At the time of writing, there are over 2.8 million recorded cases of Covid-19 worldwide; 194,000 people have died, with half a million in recovery. Coronavirus presents an existential challenge to humanity and a global security threat for which few states or peoples were prepared.
It’s a reminder that human beings do not have total mastery of nature and, unless we are more attentive to what the natural world is telling us, this will be the first of many preventable catastrophes. It is critical, therefore, that we do not let short term fixes blind us to the longer-term challenges.
The mortality rate from Covid-19 is much higher than that for global terrorism yet, over the past 20 years, states have directed more resources to military threats than to health threats and to State Security rather than Human Security. The U.S., for example, which is currently the epicentre of the crisis, spent an average of $180 billion annually on counterterrorism efforts, compared with less than $2 billion on pandemic and emerging infectious–disease programmes. In retrospect, this bias now seems to be totally misplaced. The military budget is also way out of line with the more dangerous and probable 21st century threats. The U.S. Congress, for example, appropriated $685 billion in 2019 for the Pentagon, compared with $7 billion for the Centre for Disease Control.
This pandemic, therefore, provides us with a unique opportunity to debate the nature of 21st century threats and to reorder political and economic priorities to meet the real rather than the imagined threats to human existence.
Crises are both dangers and opportunities. We are aware of the dangers but what are the opportunities?
In the first place, we need to start rethinking the nature of risk, threat and danger for the 21st century. Covid-19 will make it very difficult for 21st century states to elevate military threats over health, global pollution, mass migration, refugees, climate change, and inequality. It is imperative that people and policy makers start thinking about the integrated nature of these threats to human well-being and survival. In particular, it is important to frame these challenges in terms of Human Security, despite concerns about the analytical utility of this concept. Its normative purpose is more imperative now than when it was first mooted and it is not beyond the wit of theorists to give the term more analytical precision.
As the Brundtland Commission put it, “The Earth is one but the world is not”[1]. Much more attention, therefore needs to be dedicated to nurturing and building on global commonalities rather than exacerbating national differences. The Human Security framework is the one that seems to offer most promise for altruistic and compassionate politics. It has been derided in the past and scorned for being too inclusive and too focused on
individual and collective wellbeing rather than national security. But Covid-19 has underlined the limitations of military national security frameworks which are clearly of no help to medical catastrophe, climate change or the elimination of poverty.
Nuclear weapons and conventional arms races cannot solve today’s global problems. On the contrary, they exacerbate and complicate them.
Military force is a sign of defeat, a failure of politics and is totally unhelpful to the existential threats we are facing in the 21st century.
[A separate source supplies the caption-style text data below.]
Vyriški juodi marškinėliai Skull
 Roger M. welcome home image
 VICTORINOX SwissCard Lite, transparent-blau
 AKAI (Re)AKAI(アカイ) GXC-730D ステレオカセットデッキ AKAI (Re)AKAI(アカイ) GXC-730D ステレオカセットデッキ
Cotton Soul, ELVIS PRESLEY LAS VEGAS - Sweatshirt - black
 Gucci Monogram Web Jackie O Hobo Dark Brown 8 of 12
The Human Security framework starts with the satisfaction of basic human needs for welfare, recognition, and safety. These needs require food, clean water, unpolluted environments and a major focus on health and educational systems that will enable everyone to live healthy and
productive lives. To develop strategies that can promote this vision will require a significant reordering of national and global priorities away from military security to the security of the planet.
Dealing with global pandemics is one thing but looming behind it are the medium to long term consequences of climate change which arguably will generate as much chaos as Covid-19 over the next 50 years. The Lancet, for example, predicts up to 500,000 deaths from climate change by 2050. The world has plenty of clear warnings (e.g. melting ice caps, adverse weather events and pollution) that climate change has to be accorded as much significance as nuclear warfare. If we do not move to low carbon economies and a diminished reliance on fossil fuels, we will be subject to nature’s full climate fury. Like Covid-19, this too will affect land, livelihoods, housing, refugees and forced migration as well as economic and social wellbeing and the probable deaths of millions.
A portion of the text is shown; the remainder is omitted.